What This Means To You
School districts must be vigilant to insure that all ERAF revenues are accounted for in determining the amount of passthrough payments they are entitled to under the provisions of Health & Safety Code § 33607.5. In particular, ERAF revenues diverted due to the Triple Flip and VLF Swap should be determined and included in calculating passthrough payments.
Health and Safety Code section 33607.5, commonly known as the passthrough legislation, provides that the increase in property tax revenue after completion of a redevelopment project must be allocated among the affected local taxing entities. The property tax increment is allocated “among the affected taxing entities . . . in proportion to the percentage share of property taxes each affected taxing entity . . . receives during the fiscal year the funds are allocated.” The Los Angeles Unified School District (“LAUSD”) filed a petition for writ of mandate to compel County of Los Angeles, City of Los Angeles, and other local agencies (collectively, “County”) to increase LAUSD’s allocation of passthrough payments.
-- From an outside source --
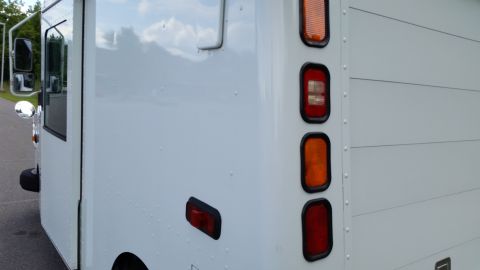 1991 Ford LTD Crown Victoria - The rear section of a white delivery truck shows stacked red and amber lights along its edge.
In doing so, LAUSD challenged “the omission of ERAF revenue from its property tax allocation base.”
The superior court initially denied LAUSD’s petition but the court of appeal later reversed that “ruling and concluded that ERAF revenue should be included in LAUSD’s property tax allocation base.” The superior court conducted further proceedings and ordered “the County to include the ERAF revenue that was actually received by LAUSD in the calculation of LAUSD’s property tax allocation base.” The court, however, rejected the contention that LAUSD’s property tax allocation base must “also include its share of the property tax revenue that was diverted from the ERAF’s by virtue of the Triple Flip and VLF Swap legislation as ERAF revenue.” LAUSD appealed asserting that property tax revenue would have been received from the ERAFs had the funds not been diverted by the Triple Flip and VLF Swap legislation and must be included when calculating its property tax allocation base. LAUSD asserts that this “will result in a corresponding increase in its allocation of passthrough payments.”
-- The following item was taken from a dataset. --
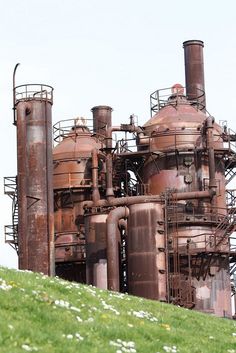 an old factory building sitting on top of a green hill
The court of appeal reversed the decision of the superior court. The appellate court held that LAUSD’s “share of the diverted ERAF revenue must be included in the calculation of its share of passthrough payments under Health and Safety Code section 33607.5.” Health and Safety Code section 33607.5, subdivision (a)(2) provides that passthrough payments must be allocated among the affected taxing entities in proportion to the percentage share of property taxes that each entity receives in the fiscal year the funds are allocated. The percentage share must “be determined without regard to any amounts allocated to a city, a city and county, or a county pursuant to [the Triple Flip legislation and the VLF Swap legislation].” The share must also be determined “without regard to any allocation reductions to a city, a city and county, a county, a special district, or a redevelopment agency pursuant to Sections 97.71, 97.72, and 97.73 of the Revenue and Taxation Code and Section 33681.12.”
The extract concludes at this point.